Threats this go around are led by fake login page referrals, fake third-party cloud apps and more as detailed in the Netskope Cloud and Threat Report: Phishing. These threats mimic legitimate apps in order gain access to unsuspecting users’ information.

“Although email is still a primary mechanism for delivering phishing links to fake login pages to capture usernames, passwords, MFA codes and more, the report reveals that users are more frequently clicking phishing links arriving through other channels, including personal websites and blogs, social media, and search engine results,” Netskope wrote. “The report also details the rise in fake third-party cloud apps designed to trick users into authorizing access to their cloud data and resources.”

Email has been the traditional delivery method for phishing attempts however Netskope’s report notes that webmail made up 11% of attempts recorded as opposed to personal sites and blogs which were responsible for 26% of referrals to phishing content. That’s extrapolated from roughly 8 out of every 1000 enterprise users who clicked on phishing links or accessed phishing content during Q3 2022.
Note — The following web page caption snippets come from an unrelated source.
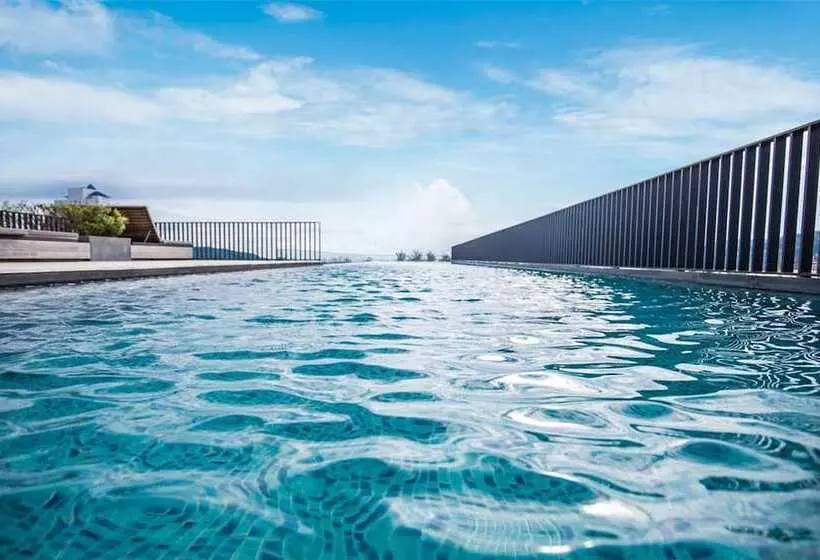 The Deck Patong By Vip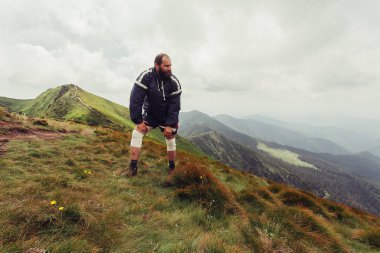 Uçurum yaz dağlarda üstünde duran genç adam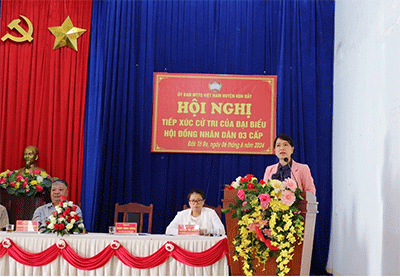 Phó Chủ tịch HĐND tỉnh Nghe Minh Hồng tiếp xúc cử tri tại các xã Đăk Tờ Re, Đăk Kôi, huyện Kon Rẫy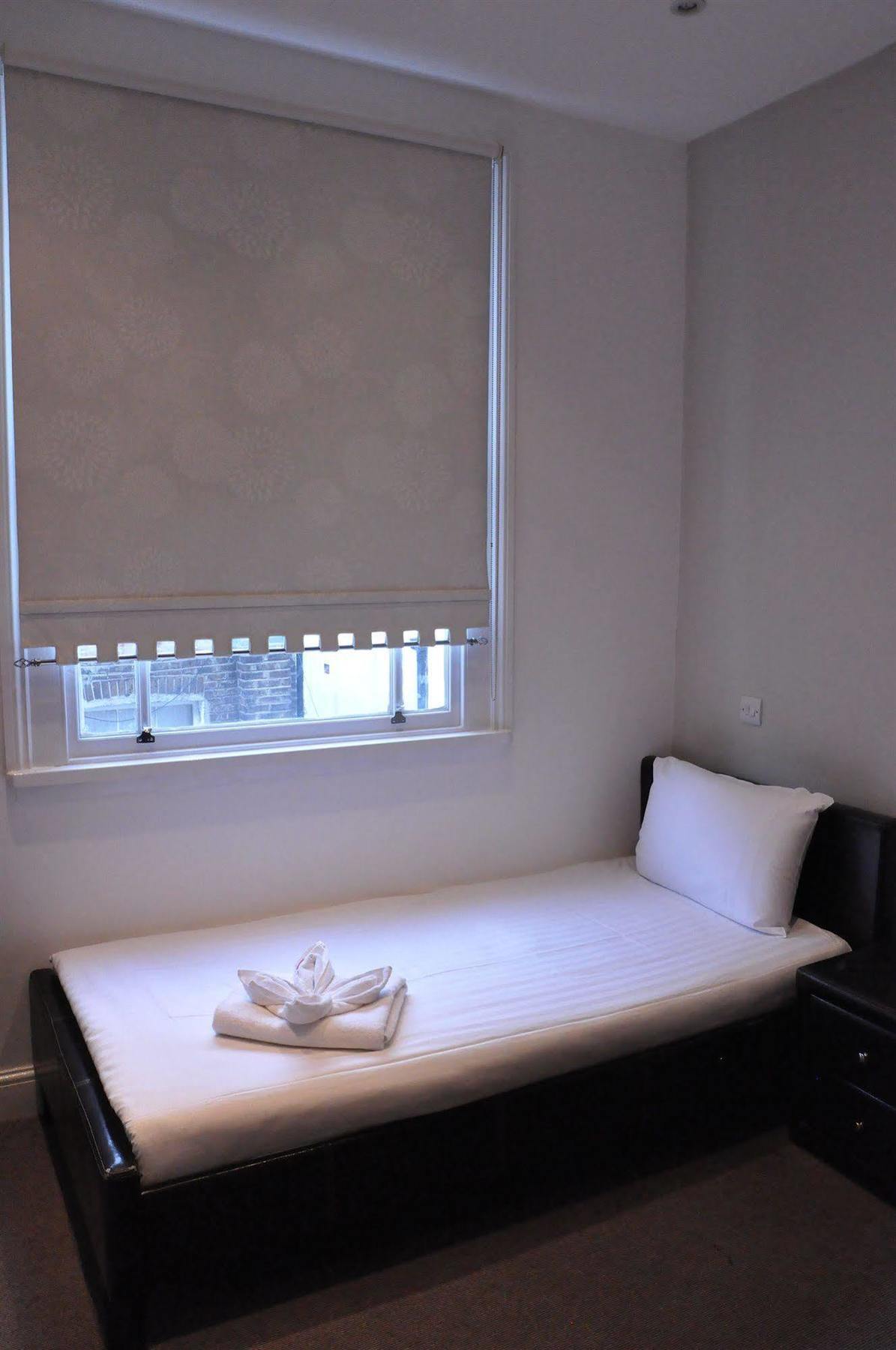 Nox Kensington Gardens 4*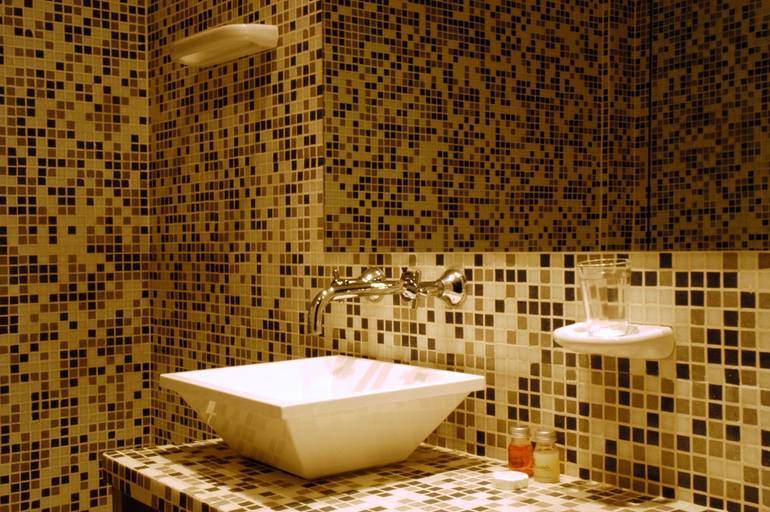 Bathroom, Bohemia Hotel Boutique, Capital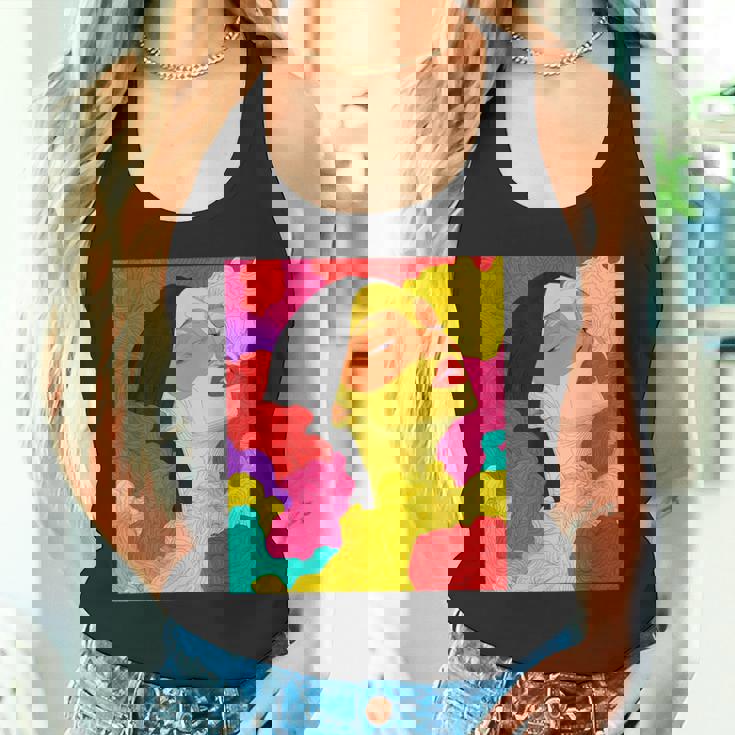 カラフルなドリームスケープ – シュールな顔と抽象的な波 タンクトップ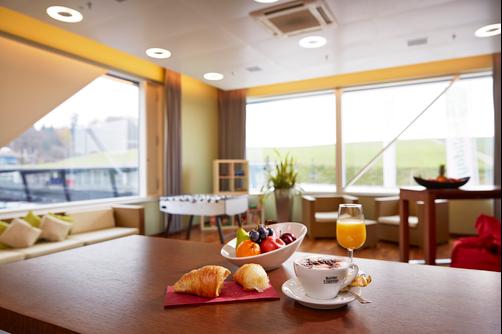 Holiday Inn Bern Westside - Berne - Hall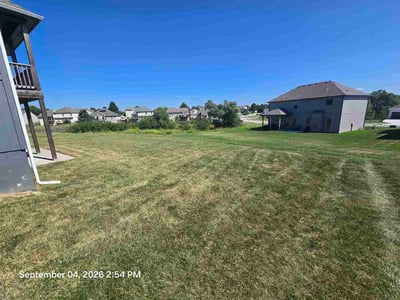 Lawn Care service in Jefferson City, 65101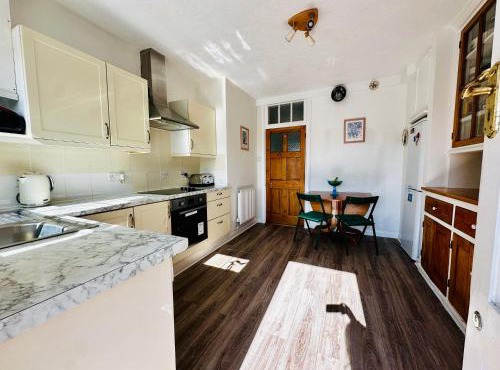 Apartment 2BR-free private parking-quick access to train into London-Wembley-Heathrow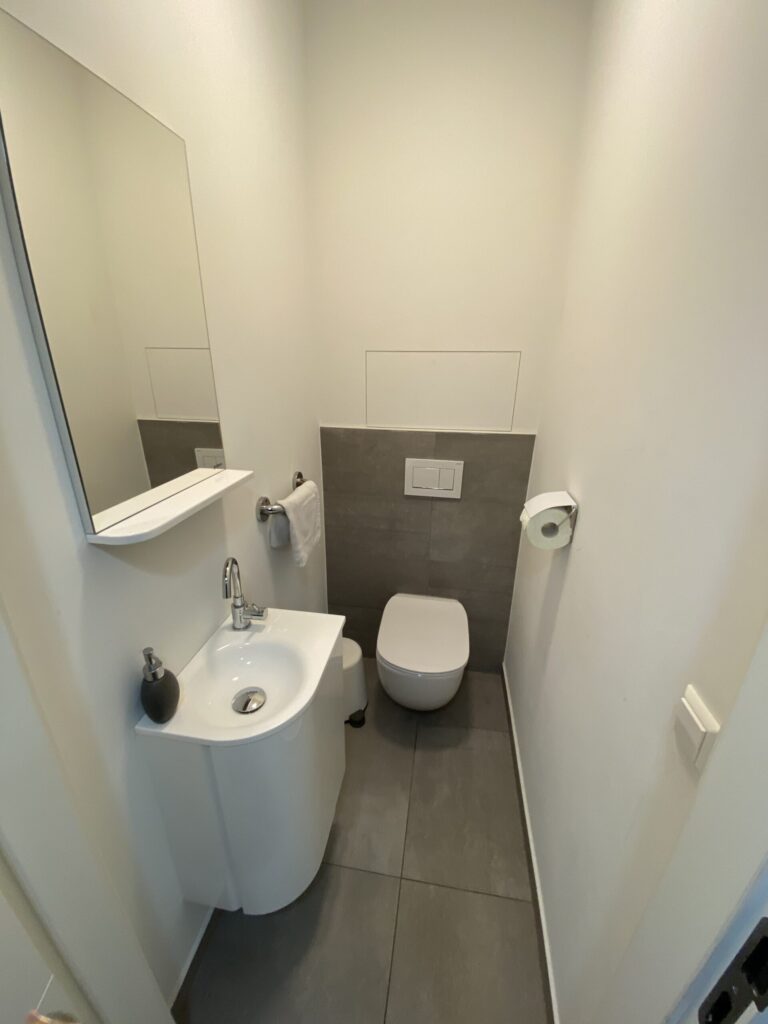 Modern 2 bedrooms in convenient location -3a — photo 11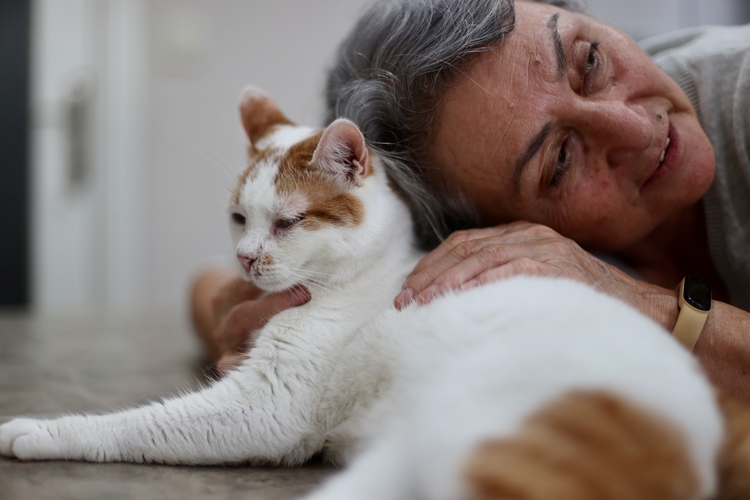 Bedensel engelli emekli öğretmen ile gözleri görmeyen kedisi 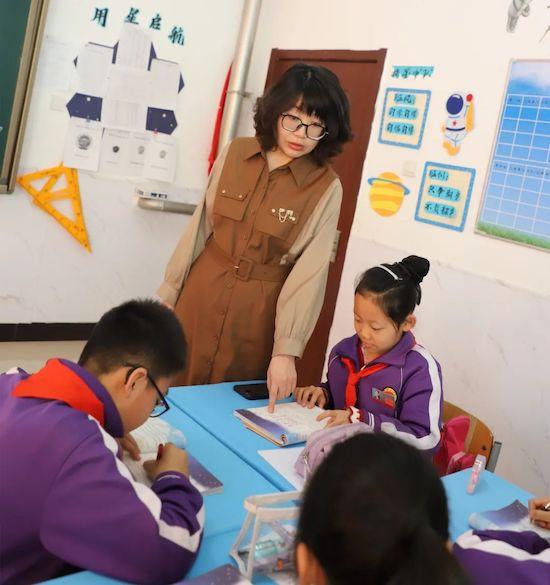 伊旗上灣小學(xué)：“雙減”之下，凸顯“炫彩課堂”魅力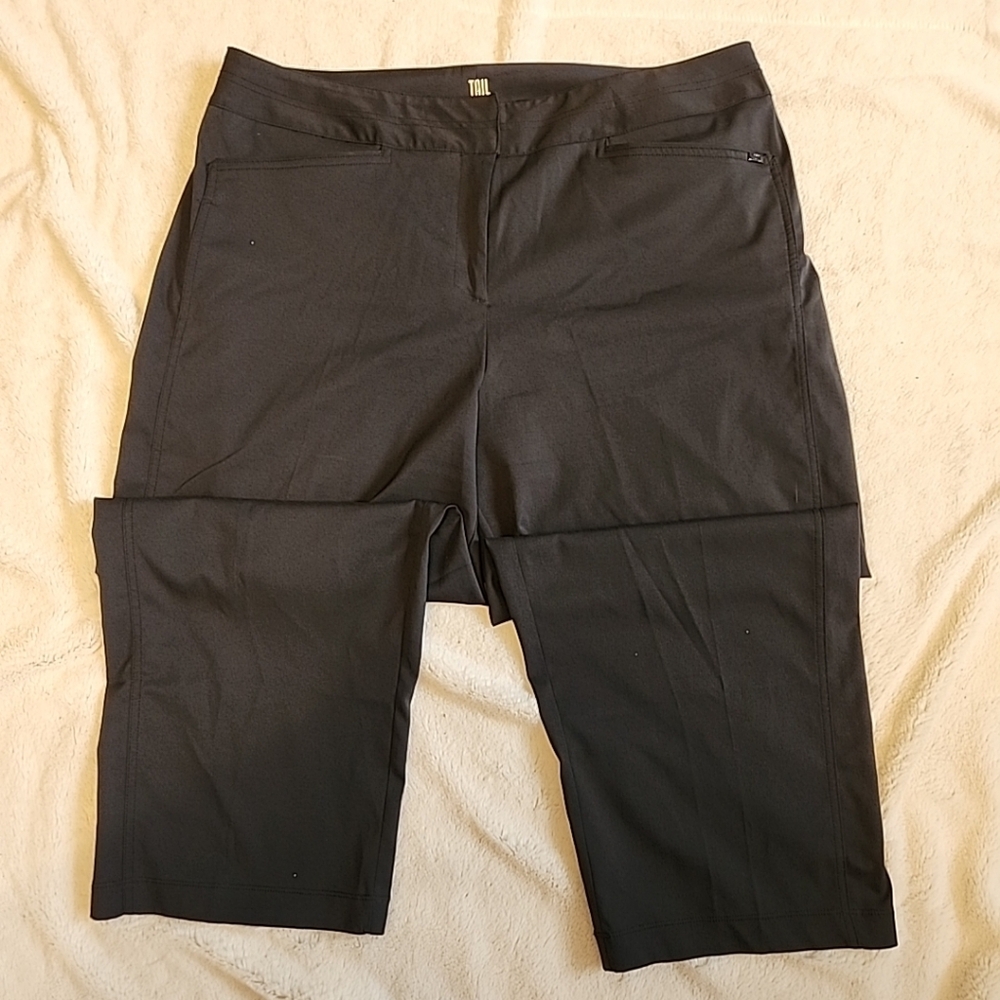 Tail Women's Classic Twill 23" Capri Black Cropped Golf Pants  Women's Size 14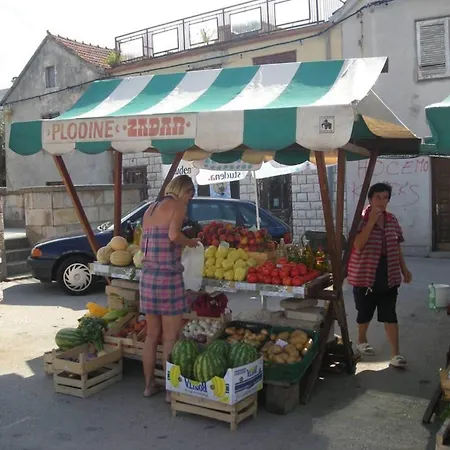 Jacuzzi Haus By Interhome * Posedarje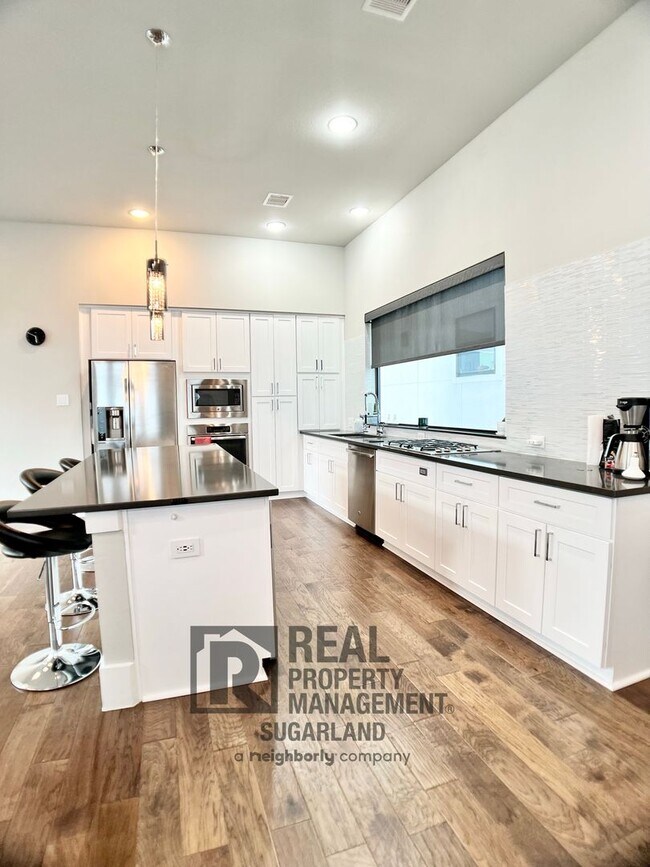 Foto del edificio - Luxurious Three Story Townhome!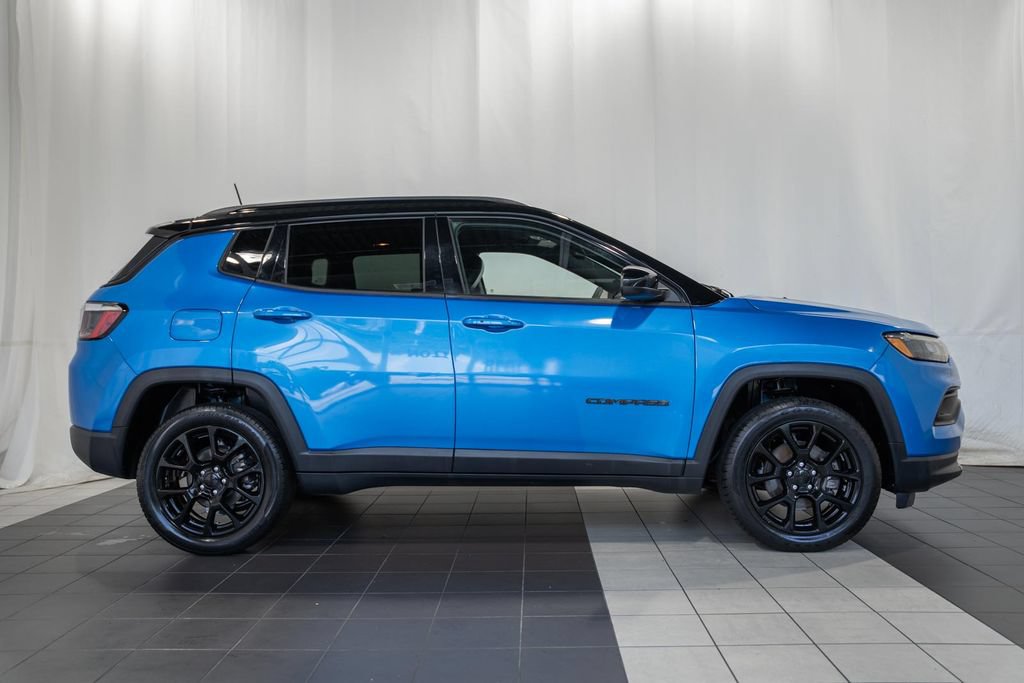 Certified 2022 Jeep Compass Latitude AWD/4WD image 3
Search engines have also seen a rise of referrals to phishing pages due to attackers creating pages based on uncommon or obscure search terms, which sees them becoming the top link for search results. “Business employees have been trained to spot phishing messages in email and text messages, so threat actors have adjusted their methods and are luring users into clicking on phishing links in other, less expected places,” said Ray Canzanese, Threat Research Director, Netskope Threat Labs. “While we might not be thinking about the possibility of a phishing attack while surfing the internet or favorite search engine, we all must use the same level of vigilance and skepticism as we do with inbound email, and never enter credentials or sensitive information into any page after clicking a link. Always browse directly to login pages.”